Wisselende ervaringen
De ervaringen van de (weinige) medewerkers die contact hebben gehad met een loopbaanbegeleider verschillen sterk. Sommigen hebben een zeer gedegen begeleiding gehad, maar velen kregen het gevoel dat de loopbaanbegeleider alleen zaken vastlegde die binnen het organisatiebelang pasten. Andere opleidingen of toekomstige functies werden ontraden, omdat daarvoor toch geen plaats of budget zou zijn. Er werd niet gezocht naar alternatieven en evenmin werd gekeken naar de persoonlijke ontwikkeling van de medewerker, bijvoorbeeld ten behoeve van een eventueel noodzakelijke carrière buiten de KMar.

Onvoldoende opleidinqen/stages
Door de vele reorganisaties en bezuinigingen hebben veel medewerkers het gevoel dat het opstellen van een Persoonlijk Ontwikkelingsplan (POP) geen nut heeft. Van de ondervraagden bleek slechts een kwart over een POP te beschikken. Dat minimaliseert de mogelijkheden om op basis van artikel 16 en 16a van het Algemeen Militair Ambtenarenreglement (AMAR) studiefaciliteiten toegekend te krijgen, want dat kan alleen op basis van een POP. Maar ook van de overige opleidingsmogelijkheden komt door de bezuinigingen weinig terecht. De werkgever lijkt alleen de medewerkers op te leiden die ze ook in een volgende functie wensen te zien en gebruiken de opleidingsaanvragen daardoor als een oneigenlijke voorselectie voor vervolgfuncties. Hetzelfde geldt voor het toekennen van stageplaatsen.

Te korte functieduur
De huidige functieduur van drie jaar wordt vrijwel unaniem te kort geacht. Als iemand na een of twee jaar is ingewerkt blijft er nauwelijks nog tijd over om ervaring op te bouwen en zich verder in het werk te verdiepen. Dan moet er namelijk alweer energie gestoken gaan worden in (het vinden van) een nieuwe functie. Door het uitgebreide sollicitatieproces zijn de medewerkers (maar ook hun collega's en leidinggevenden) daar veel kostbare tijd en energie aan kwijt.

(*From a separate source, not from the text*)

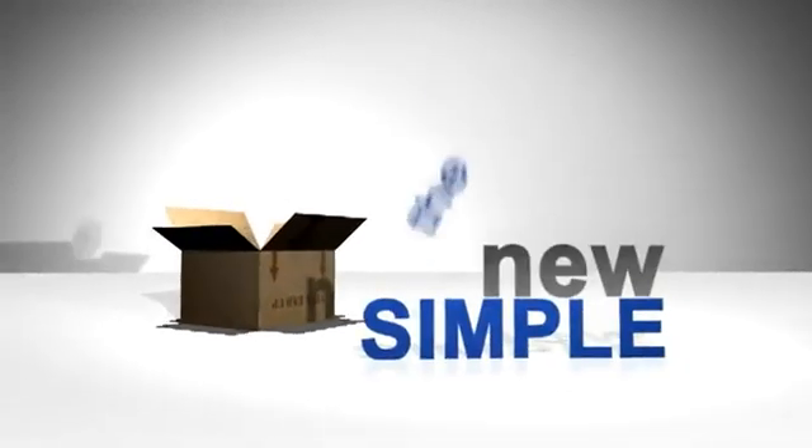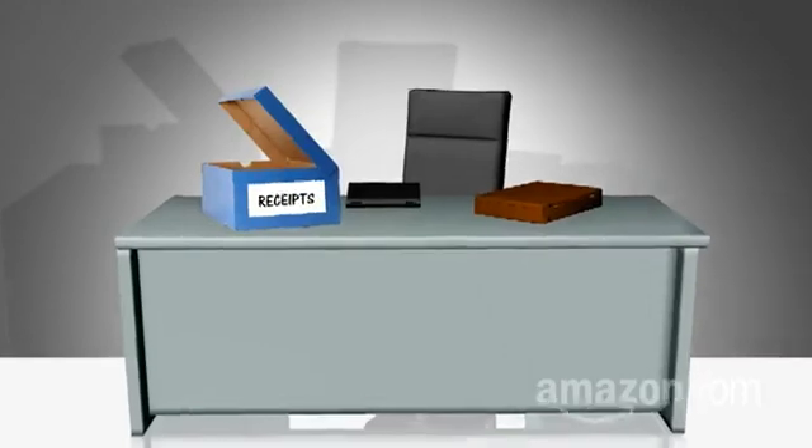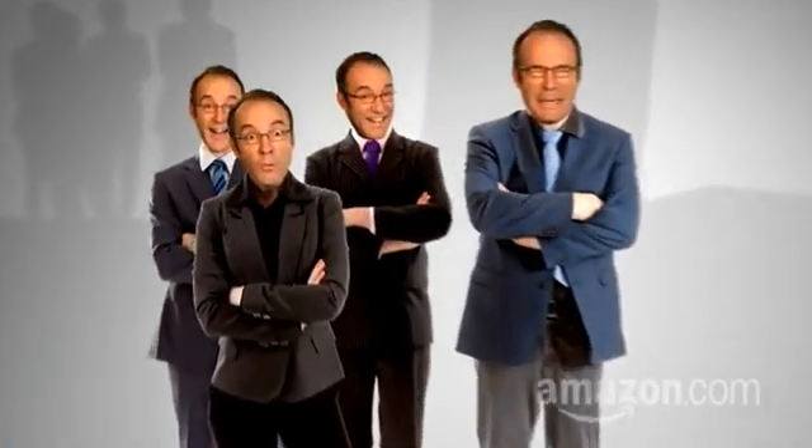Hi, I'm Paul Hockman for The New Simple on Amazon.com. Not to be immodest, but my business is going to take over the world. But first, where did I put those customers? There they are, under that box of receipts. Sorry, customers.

Dat zorgt voor onrust op de werkvloer en een gebrekkige opbouw van ervaring en expertise. Bovendien heeft een leidinggevende daardoor niet de tijd om de medewerkers te leren kennen en adequaat te kunnen begeleiden bij hun loopbaan.

Uit balans
De Marechausseevereniging heeft haar bevindingen en standpunten verwoord in een brief aan de werkgever, die op maandag 23 december is verstuurd. Daarin stelt de MARVER onder andere: 'Wij kunnen niet anders dan concluderen dat de balans in de uitvoering van het FPS (Flexibel Personeelssysteem) te veel is doorgeslagen naar het organisatiebelang ten koste van het belang van de medewerkers. Om die balans te herstellen stellen wij voor de komende tijd te gebruiken om FPS-instrumenten (= huidige loopbaanvoorzieningen) eerst grondig te evalueren en waar nodig te verbeteren alvorens het loopbaanbeleid vanuit de pilot naar andere defensieonderdelen uit te breiden.'

Het is de bedoeling dat de evaluatie van de pilot en de brief van de Marechausseevereniging besproken worden tijdens het eerste Sectoroverleg Defensie (SOD) in 2014.